We were talking to these little kids (6-8 years old) and one my friends tried to explain it like this: "Say I make you this balloon and write Jerryd Bayless on it, then I give it to you, and then I snatch it away. That's how we feel." I would've much preferred Bayless being selected already, and us passing on Augustin or Alexander for Rush. At least I wouldn't have had my hopes up.


----------



## Pacers Fan

The only bright side to this is that we're pretty much set next year at PG, SG, and SF. Rush is gone to free agency. Tinsley and Williams will be packaged for some big man, I hope.

PG- Ford/Jack/Diener
SG- Dunleavy/Daniels
SF- Granger/Rush/Graham
PF- Murphy/Foster/McRoberts
C- (Rasho)/Hibbert/Baston

Too bad our big men are still ****. ****ing Hibbert.


----------



## rock747

The analysts seem to like this for the pacers....
Bruno


> No. 11, Indiana -- UPDATE: It's being reported the Pacers will deal Bayless and Ike Diogu to Portland for No. 13 pick Brandon Rush, point guard Jarrett Jack and Indianapolis native Josh McRoberts. If so, that's a great deal for Indiana because Rush is a supreme talent and Jack a big, strong point guard. McRoberts is a nice bonus.



Chad Ford


> The Blazers will send the rights to Rush, Jarrett Jack and Josh McRoberts to the Pacers for the rights to Bayless and Ike Diogu. I think this is a great pick for the Pacers. Rush should be a great fit in the backcourt with T.J. Ford because he defends, shoots the ball and has great size. Rush is one of the most NBA-ready players in the draft.

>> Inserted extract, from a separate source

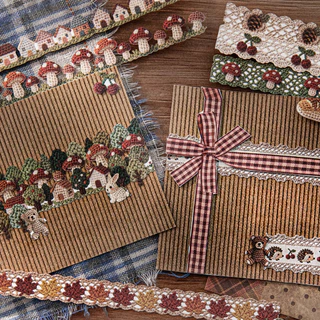 QOUZMO [Handcrafted Crocheted Collection] ชุดสติ๊กเกอร์แถบยาวแฮนด์เมดย้อนยุค | 20แผ่น/แพ็คสติกเกอร์กระดาษพื้นผิวสําหรับวารสารสมุดภาพ ทําเอง ตกแต่ง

Chad Ford actually had us picking Rush(11) and Hibbert(17). HE had bayless going to Sacramento. We ended up getting a good big back up PG in the deal by drafting bayless and trading him. I don't know. Maybe the trade wasn't too bad.


----------



## PacersguyUSA

Pacers Fan said:


> The only bright side to this is that we're pretty much set next year at PG, SG, and SF. Rush is gone to free agency. Tinsley and Williams will be packaged for some big man, I hope.
> 
> PG- Ford/Jack/Diener
> SG- Dunleavy/Daniels
> SF- Granger/Rush/Graham
> PF- Murphy/?/McRoberts
> C- Foster/Hibbert/Baston
> 
> Too bad our big men are still ****. ****ing Hibbert.


I'd hardly say we're "set" at PG and SG. Ford is unreliable, and Jack and Diener are okay backups but won't win you championships, let alone get you to the playoffs. Dunleavy would hardly be my choice for a starting NBA shooting guard, and who exactly is Daniels?

We are pretty solid at SF.

But then "Murphy/?/McRoberts at PF? That's easily the worst PF rotation in the league right?

Center: Foster/Hibbert/Baston. Find a better definition of "average at best." I dare you.

Pacerfan pretty much summed it up when he said:



> Now we're stuck with Jarrett ****ing Jack and Brandon ****ing Rush. ****ing ****. **** you, Larry. When Jerryd Bayless leads Portland to a ****ing championship in 3 years as a ****ing superstar Point Guard, I hope you lose your ****ing job. **** you.


Bayless was a chance at a star. Someone to talk about. Someone to spark interest. Not to mention a hell of a back court possibility w/ Ford. That was taken away in mere minutes.


----------



## Pacers Fan

PacersguyUSA said:


> I'd hardly say we're "set" at PG and SG. Ford is unreliable, and Jack and Diener are okay backups but won't win you championships, let alone get you to the playoffs.


They're all solid guys. I like it for a Point Guard rotation. It's certainly more stable and talented than what we've had in year's past.



> Dunleavy would hardly be my choice for a starting NBA shooting guard, and who exactly is Daniels?


He played fine at the 2 this year. Daniels is nothing to be thrilled about, sure, but if he stays, he's still a solid backup if he's not injured, which seems to be the case for many of our players in the past and present.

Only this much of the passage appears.